Vía Sur era una empresa privada de transportes interurbanos, buses y camiones, transporte de pasajeros y carga, de hecho, la empresa más importante en ese rubro en el Chile de aquellos años. Su central se encontraba en la zona norponiente de Santiago, Recoleta al llegar a Einstein, en la comuna popular de Conchalí. Allí el MIR tenía un importante trabajo en el sindicato y había logrado legitimar sus propuestas entre la mayoría de los trabajadores. Los salarios eran exiguos y los patrones explotaban con todo desparpajo.
Se produce un conflicto laboral, los trabajadores dan a conocer sus peticiones reivindicativas y los patrones se niegan a aceptarlas y, al mismo tiempo, comienzan a despedir a los trabajadores más activos en la vida sindical y de organización.
La reacción espontánea y mayoritaria acordada en asamblea del sindicato es la de tomarse el local más importante de la empresa (colindante además con el taller de reparaciones de motores y carrocerías de la empresa) y hacerse fuertes ahí a manera de presión en contra de la patronal.
Se lleva a efecto la toma del local por parte del sindicato de manera unánime, se copan el taller y el local central de manera pacífica y multitudinaria, y los trabajadores se mantienen durante varios días en las reparticiones, haciendo además una serie de actividades para ganar el apoyo del vecindario, lo cual se logra.

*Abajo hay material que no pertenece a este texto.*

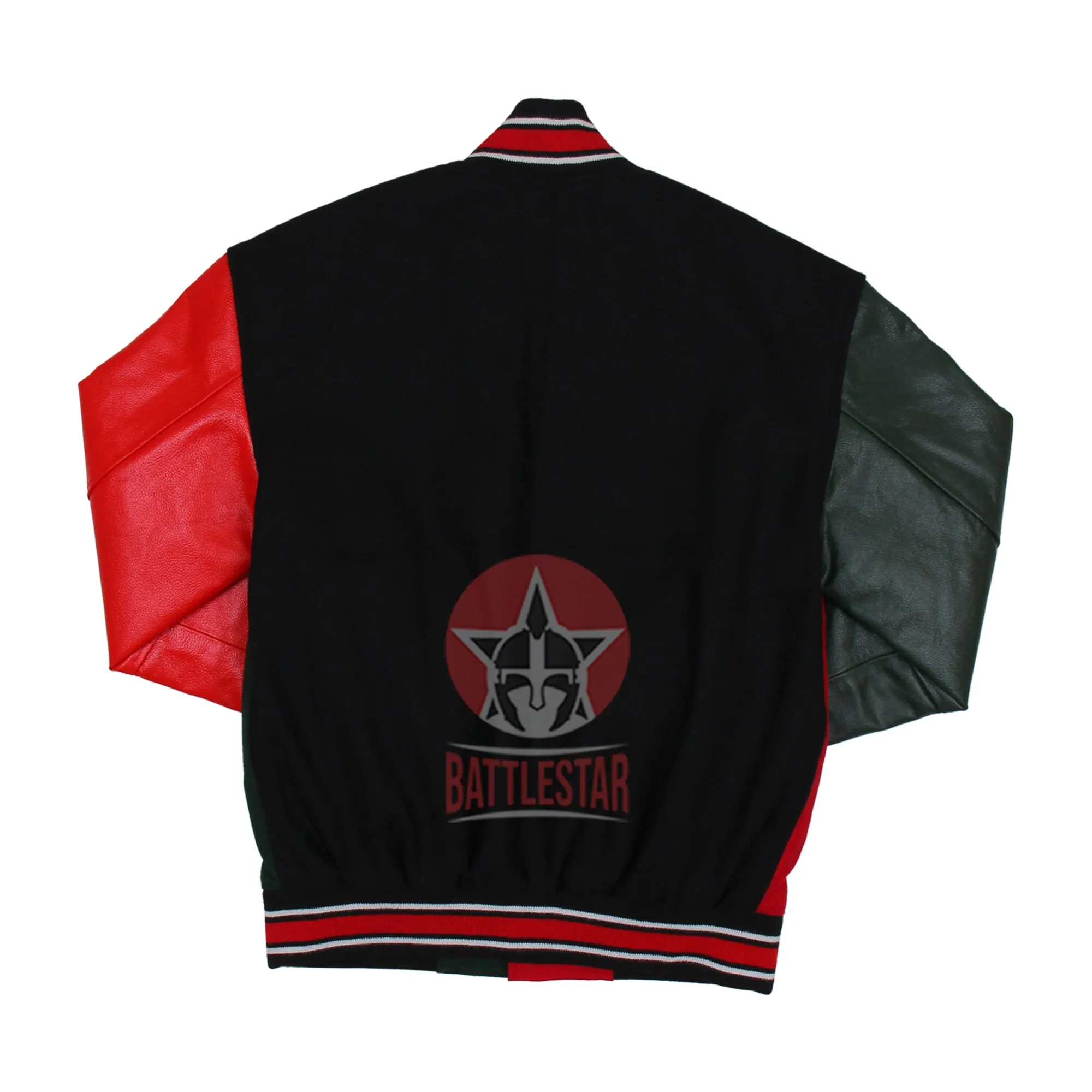 Multi Color Wool Leather Varsity Baseball Letterman Jacket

Sin embargo, después de una semana de sostener la huelga y la toma, sorpresivamente, durante horas de la noche, fuerzas patronales (esquiroles a sueldo, lumpen, y miembros de grupos paramilitares fascistas) irrumpen armados en ambos locales desalojando por la fuerza a los trabajadores quienes —luego de intentar defender sus posiciones en el taller— quedan reducidos a permanecer en el local de atención de público.
A partir de esa situación nueva, los trabajadores deciden retomar el taller y el conjunto de la central de Vía Sur, teniendo como centro de operaciones el local de atención al público, y para ello el sindicato pide apoyo expreso al MIR.
La base de militantes del MIR en Vía Sur propone un plan de retoma de la empresa al sindicato, éste lo acepta haciendo algunos reparos operativos.
Se evalúa la capacidad de respuesta probable que tendrán las fuerzas patronales desde el interior del taller y se considera factible la realización de la retoma.
Para evitar situaciones irremediables se acuerda contar con el apoyo de compañeros miristas especialmente entrenados en tareas de choque, en realidad miembros de la fuerza militar central del MIR y algunos de ellos ex-boinas negras del ejército, reclutados para la revolución por Luciano Cruz, uno de los dirigentes fundadores del MIR.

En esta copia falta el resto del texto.